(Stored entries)
####

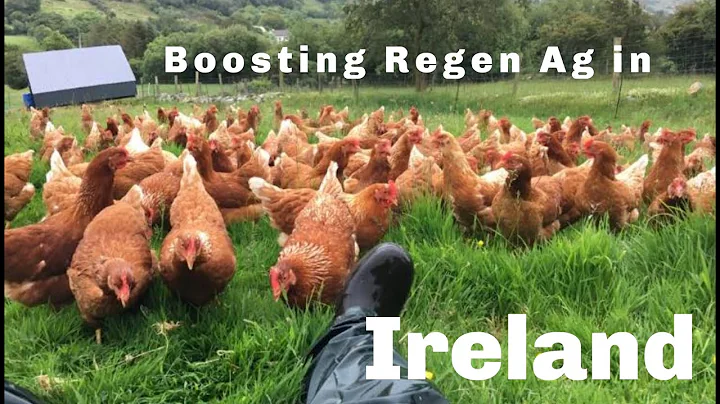 Training new farmers at Heather Hill Farm, Ireland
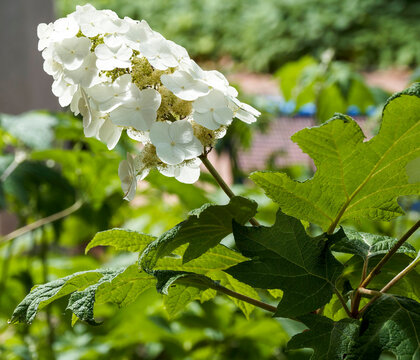 Eichenbl&auml;ttrige Hortensie (Hydrangea quercifolia). Ein Zierstrauch, der gro&szlig;e, l&auml;ngliche Rispen mit wei&szlig;en Bl&uuml;ten und im Herbst wundersch&ouml;ne Farbt&ouml;ne aufweisendes Laub hervorbringt.
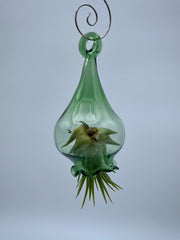 Handblown Glass Air Plant Holder - Jellyfish Design - Art Glass Haven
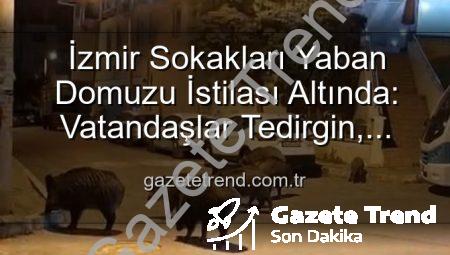 İzmir Sokakları Yaban Domuzu İstilası Altında: Vatandaşlar Tedirgin, Belediyeler Ne Yapacak?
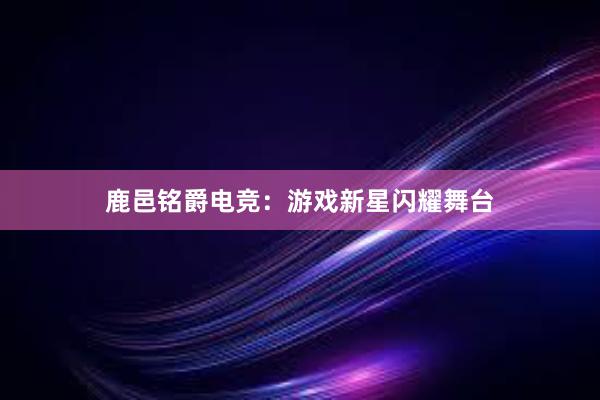 鹿邑铭爵电竞：游戏新星闪耀舞台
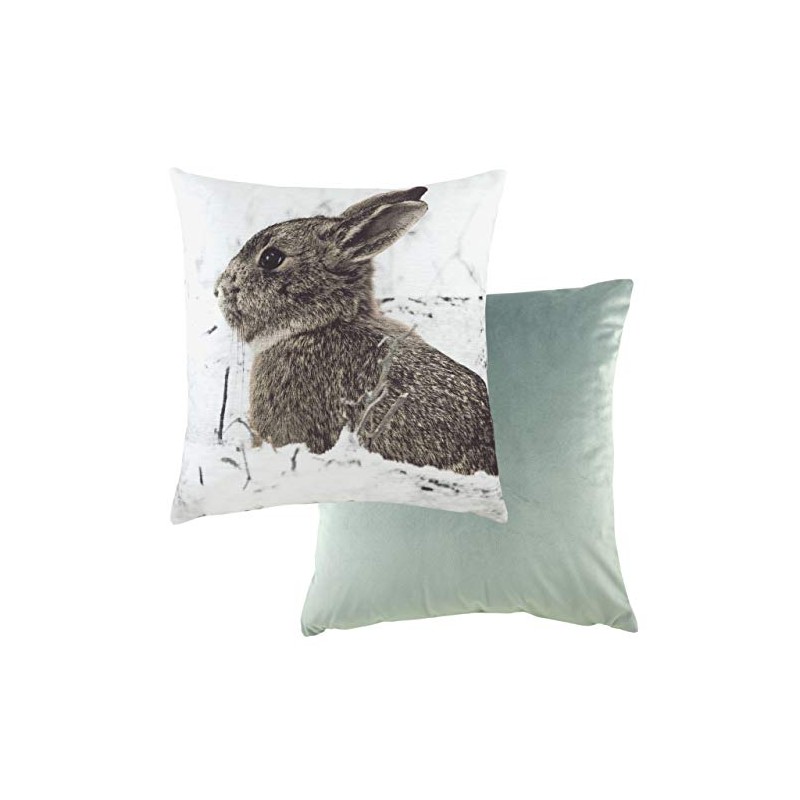 Evans Lichfield Photo Hare Cushion Cover, Multi, 43 x 43cm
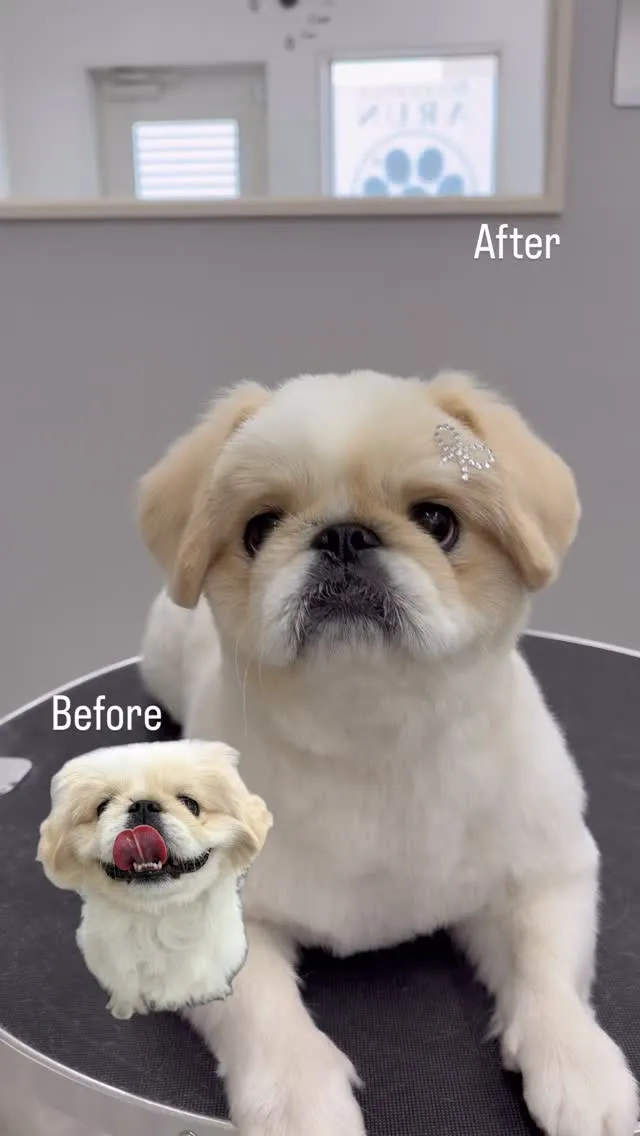 ୨୧ ∴ペットサロン∴ ୨୧ 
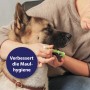 Frau putzt Zähne eines Hundes mit Canosept Zahnpflege-Set für Hunde.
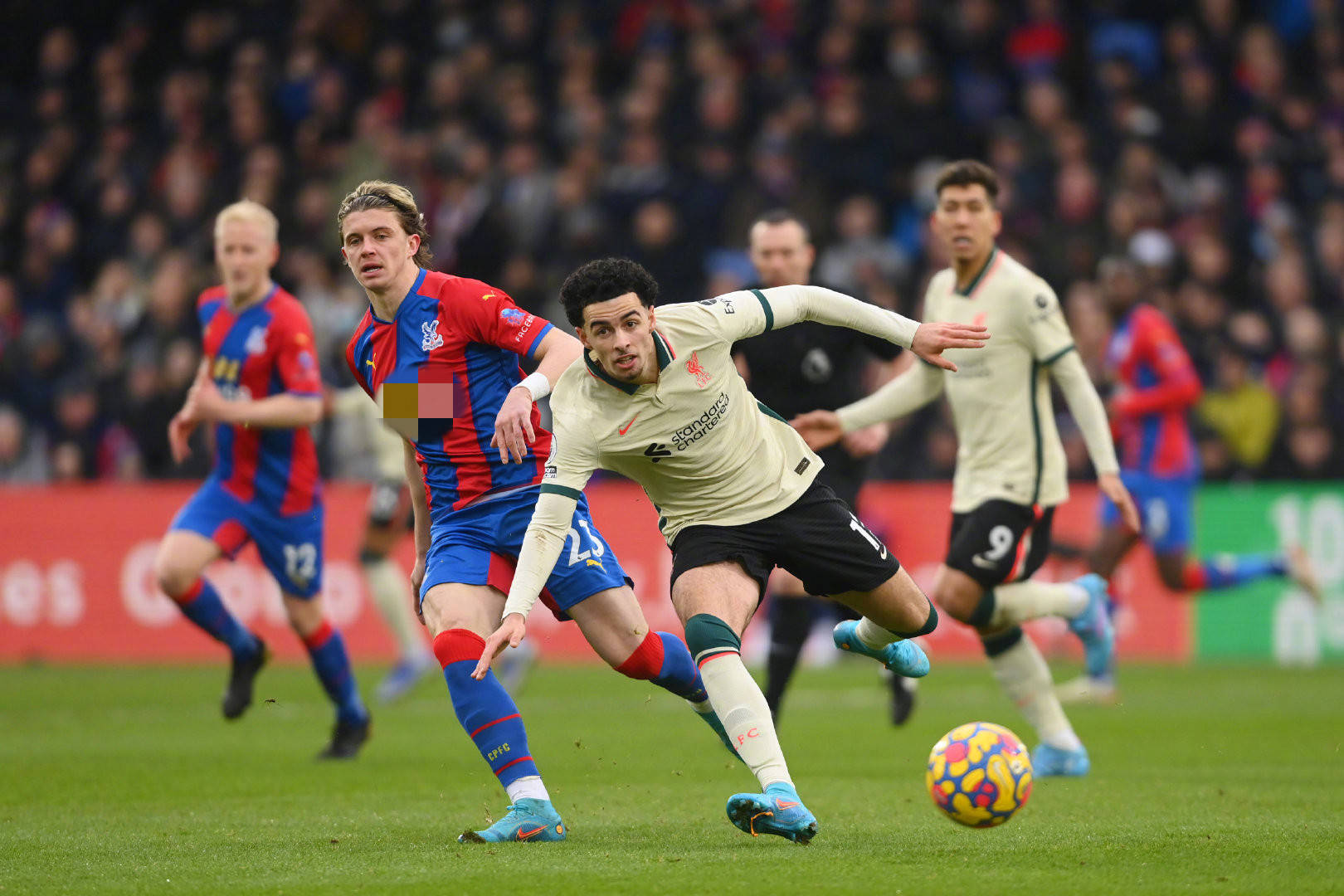 會進一步加 會進一步加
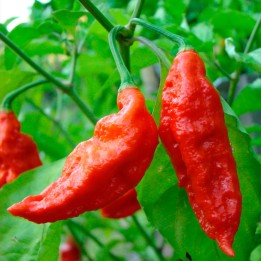 Hot pepper, Bhut Jolokia - Seeds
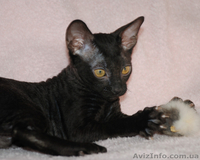 Котята породы корниш рекс, в продаже, Киев - <ro>Изображение</ro><ru>Изображение</ru> #2, <ru>Объявление</ru> #603931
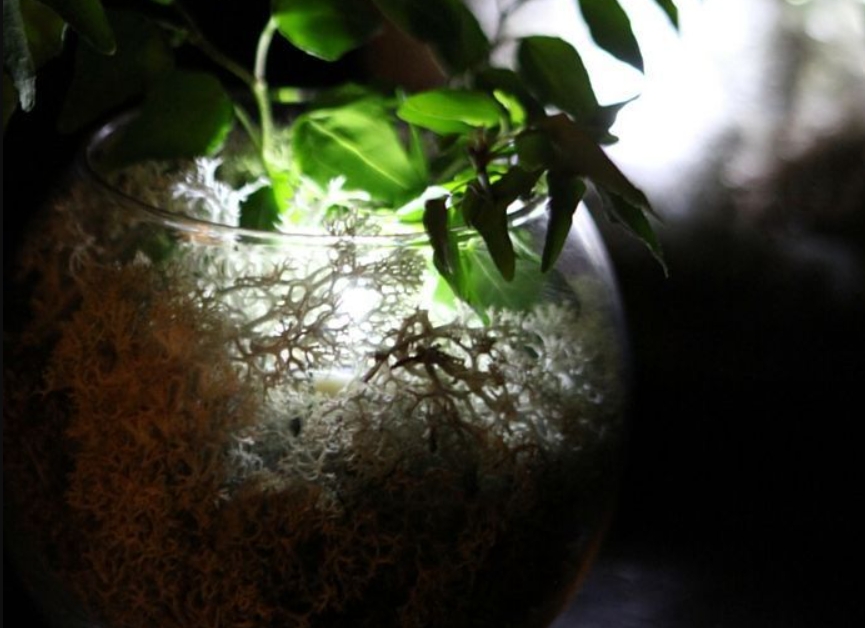 glow in the dark terrarium in a glass-vase, with white led lightning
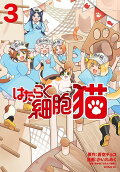 Vol. 3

####

**Task statement:**
Using the entries above, write out exactly the lines from the one with "Eichenbl&auml;ttrige Hortensie (Hydrangea" through the one with "鹿邑铭爵电竞：游戏新星闪耀舞台", ends included. Leave out any pictures.

**Response:**
 Eichenbl&auml;ttrige Hortensie (Hydrangea quercifolia). Ein Zierstrauch, der gro&szlig;e, l&auml;ngliche Rispen mit wei&szlig;en Bl&uuml;ten und im Herbst wundersch&ouml;ne Farbt&ouml;ne aufweisendes Laub hervorbringt.
 Handblown Glass Air Plant Holder - Jellyfish Design - Art Glass Haven
 İzmir Sokakları Yaban Domuzu İstilası Altında: Vatandaşlar Tedirgin, Belediyeler Ne Yapacak?
 鹿邑铭爵电竞：游戏新星闪耀舞台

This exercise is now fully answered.